Travailleur social ne parvenant pas à trouver un emploi dans la région de Lorient, le personnage du récit se résout à pointer à l’usine pour subvenir à ses besoins. Il commence par une usine de fruits de mer avant d’enchaîner par l’abattoir. C’est ce quotidien que raconte Joseph Ponthus à travers le témoignage sensible et sincère d’un ouvrier dans la Bretagne contemporaine.
Morceaux choisis.
Joseph Ponthus dit le productivisme à l’heure de la mondialisation :
« Toutes les crevettes nous les recevons congelées en provenance du canal de Madagascar du Pérou d'Inde du Nigeria du Guatemala d'Equateur. […] Il est fréquent que nous produisions plus de dix mille couronnes de crevettes apéro par jour a raison d'une bonne vingtaine de mini-crevettes apéro par couronne ».

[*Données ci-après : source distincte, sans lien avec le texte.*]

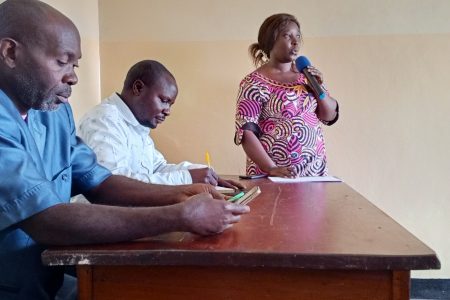 Des problèmes identifiés à Karisimbi diminuent grâce à la collaboration de la population et les autorités sécuritaires !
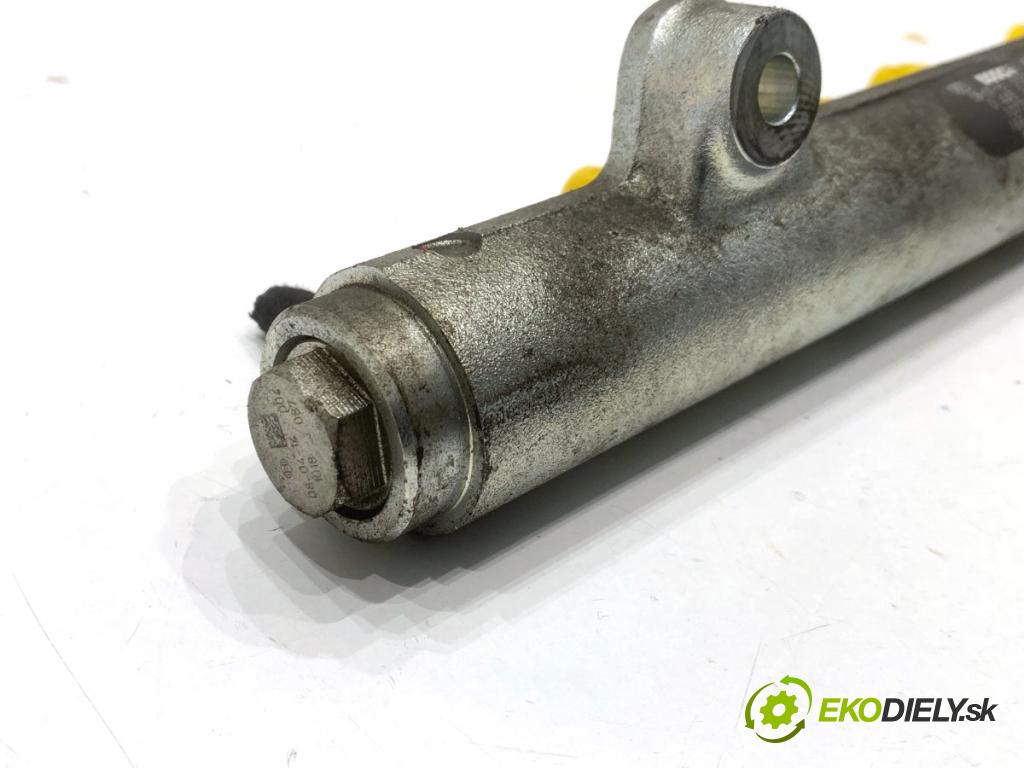 HONDA CR-V III SUV 2009 103 kW 2.2 i-CTDi 4WD (RE6) 2204 Lišta vstrekovacia 107780-0440 0445214121 (Vstrekovacia lišta)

Il dit la violence du travail à l’usine :
« À l'abattoir J'y vais comme on irait À l'abattoir »
« La semaine prochaine J'ai rencard chez le kiné Mon corps commence doucement à être ravagé par ce bon mois de carcasses Tout mon corps Mes muscles mes articulations mes lombaires mes cervicales Le reste de mon corps dont je ne sais pas le nom »
Il dit les gestes qui échappent aux contrôles :
« Je m'estime dans mon droit de manger à ma faim sur mon lieu de travail Et d'emporter ce que mes poches peuvent à la maison Pour l'instant c'est du détournement Artisanal Deux langoustes par-ci Une pince de crabe par-là Mais à partir de maintenant On va passer dans le sérieux »
Joseph Ponthus dit, comme Nietzsche, que « le travail est la meilleure des polices ». Il dit l’aliénation de la précarité qui empêche les travailleurs de lutter :
« Les vieux de l'abattoir racontent aussi qu'à la belle époque révolue les intérimaires faisaient le piquet devant l'usine avec les titulaires […] Aujourd'hui les choses sont claires Un intérimaire en grève Ce qui est pourtant son droit Et bye bye Logique patronale évidente […] Je rêve d'être en grève Comme quand j'avais un vrai boulot et que je ne risquais rien Je rêve de pouvoir aller à la manif Mais je sais que lorsque je rentrerai je serai trop crevé »
Il dit le travail désincarné et la froideur de notre société contemporaine :
« Quelle poésie trouver dans la machine la cadence et l'abrutissement répétitif Dans les machines qui ne fonctionnent jamais ou qui vont trop vite Dans cette nuit sans fin éclairée de néons blafards sur les carreaux blancs des murs les inoxes des tables de travail les tapis mécanniques et le sol marronnasse Dans les animaux morts que l'on travail à longueur de nuit puis de matin Aucun oiseau ne vient jamais par une ouverture dérobée s'introduire dans nos ateliers Les seuls animaux vivants sont les rats qu'on combat près des poubelles extérieures. »
A la ligne – Feuillets d’usine, Joseph Ponthus, Éditions De la Table ronde, Paris, 2019.